История не пройдет мима миллиметровки, на которой показан рубеж Урицк — Пулково — Шушары — Колпино. В Шушарах я услышал приказ Военного Совета фронта, согласно которому отход от этого рубежа считался тягчайшим преступлением перед Родиной.
Здесь, в Шушарах, я после трехнедельной разлуки нашел артиллеристов Семидесятой. Для меня это был счастливый случай, и я не знал, что они здесь, а увидев старых товарищей, даже испытал нечто вроде укора совести: как же могло случиться, что я ничего о них это время не знал?
Все здесь изменились, и мне показалось, что изменились больше, чем за те страшные дни, когда они пробирались по немецким тылам. Тогда они были страшно оборваны, небриты, раненые перевязаны неумело и черт знает чем, а многие еле держались на ногах. Сейчас, несмотря на осеннюю грязь, почти все были сравнительно чисто одеты, старались держаться подтянуто, команды отдавались по-особенному четко, и, что меня поразило, командиры козыряли и называли, как и до войны, красноармейцев на «вы». Но молодость, которая солнцем играла на их небритых лицах и под Сольцами, и в Теребонье, и даже после их партизанского похода, эта быстрая молодость уже кончилась.
Немцы здесь вели себя точно так же, как и в Пулкове. Они наступали непрерывно и, кажется впервые за эти три месяца, с каким-то тупым нежеланием сосчитать, что они потеряли.
— Сколько их всего, немцев-то, а, писатель? — спросил меня командир полка Сергей Подлуцкий, выпив водки и закусив, но я ничего не успел ответить: он как-то весь рухнул на стол, заснул неожиданно и так тяжело, как спит командир полка после трех суток бессонной работы.
Не знаю, сколько мы спали. Кажется, очень недолго. Но было почти светло, когда я услышал, что кто-то будит меня:
— Товарищ командир полка, товарищ командир полка!
Я открыл глаза и понял, что это вестовой Подлуцкого и что он просто ошибся.

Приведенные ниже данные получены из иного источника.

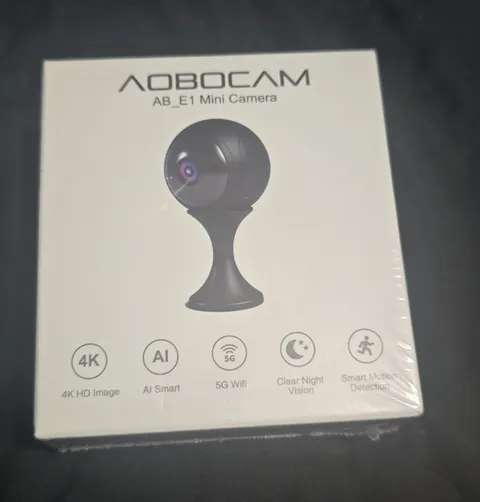 AoboCam AB_E1 Mini 4K Wi-Fi Indoor IP Surveillance Camera, Night Vision, Black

— В чем дело? — спросил Подлуцкий, вскочив.
— Аничков с НП, — сказал вестовой, показывая на телефон.
— Подлуцкий слушает. Что там у вас? — Невозможно было понять но выражению лица Подлуцкого, что там происходит. — Сейчас я у вас буду.

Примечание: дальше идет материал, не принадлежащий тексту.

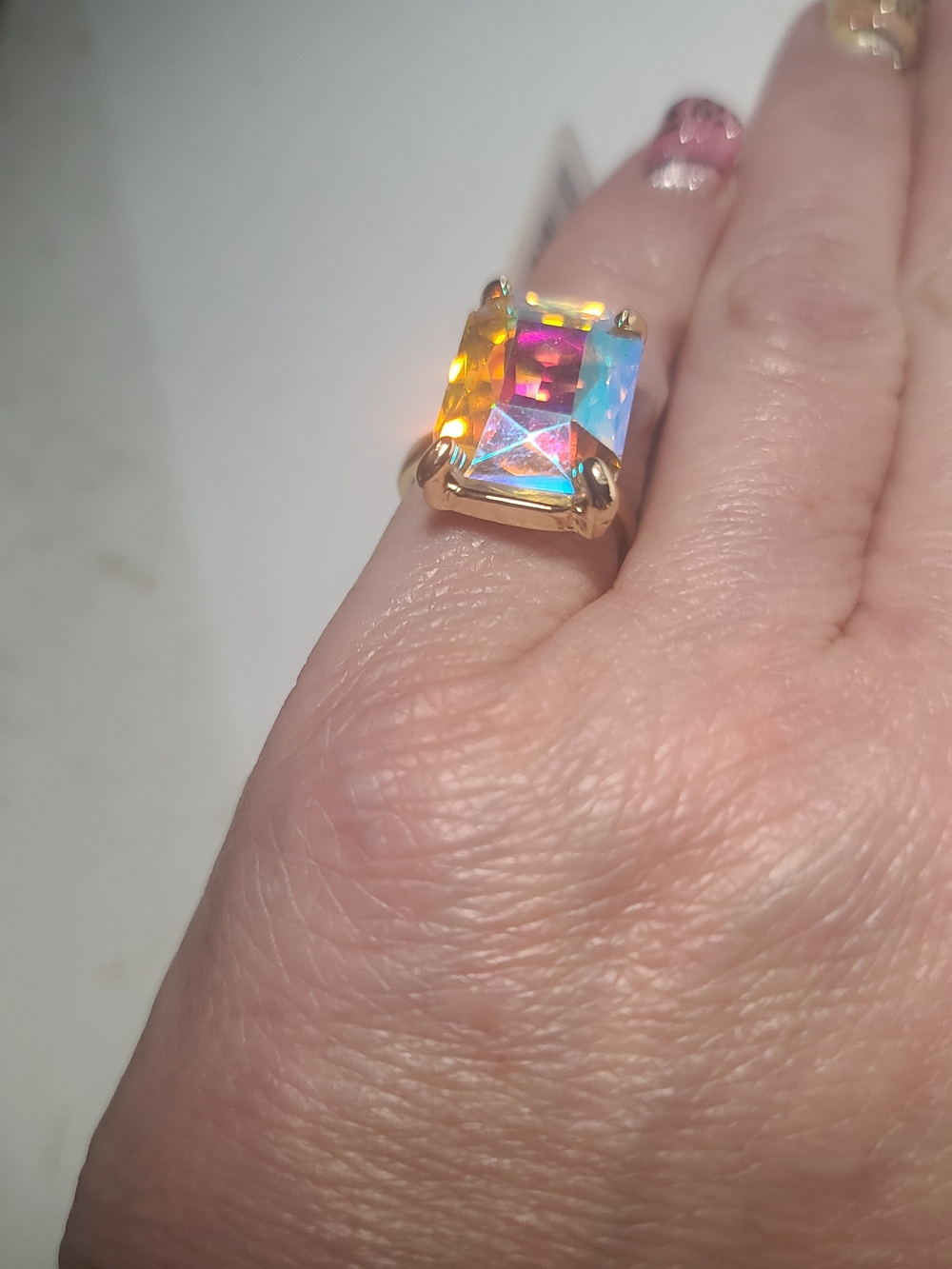 Fashion Iridescent Rectangular Crystal - Multicolor Adjustable Ring. Gold Plated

Вестовой помог ему одеться. Только сейчас я заметил, что землянка пуста. Значит, все ушли раньше нас.
— Я с вами, — сказал я Подлуцкому.
Утро было дымное, туманное, пахло гнилыми листьями, пока мы шли, туман сонно сползал с изб, и поселок Шушары, так же дико разбитый, как и Пулково, медленно выплывал из кромешной ночи на свет божий.
Наблюдательный пункт полка. Аничков. Стереотруба. Кто-то из командиров наблюдает. Много знакомых лиц. Странно, почему так много людей на НП?
Подлуцкий нагнулся, схватил стереотрубу за рога и замер. Треща и посвистывая, проносились над НП снаряды. Наши к немцам. Немецкие к нам. Подлуцкий все сидел, и у меня уже начали затекать ноги. Потом он отошел и, быстро вынув из планшета блокнот, стал что-то записывать. Все молча смотрели на него. Стереотруба была свободна, я подошел, нагнулся и так близко, как будто это было на нашей стороне, увидел немцев. Немцы были заняты делом, которому им предстояло еще учиться и учиться: они строили блиндажи и землянки. Немцы окапывались… И это делали те самые немцы, которым надлежало штурмом взять Ленинград.
— Так сколько их всего, немцев-то, а, писатель! — спросил меня Подлуцкий и приказал вестовому отнести донесение в штаб дивизии.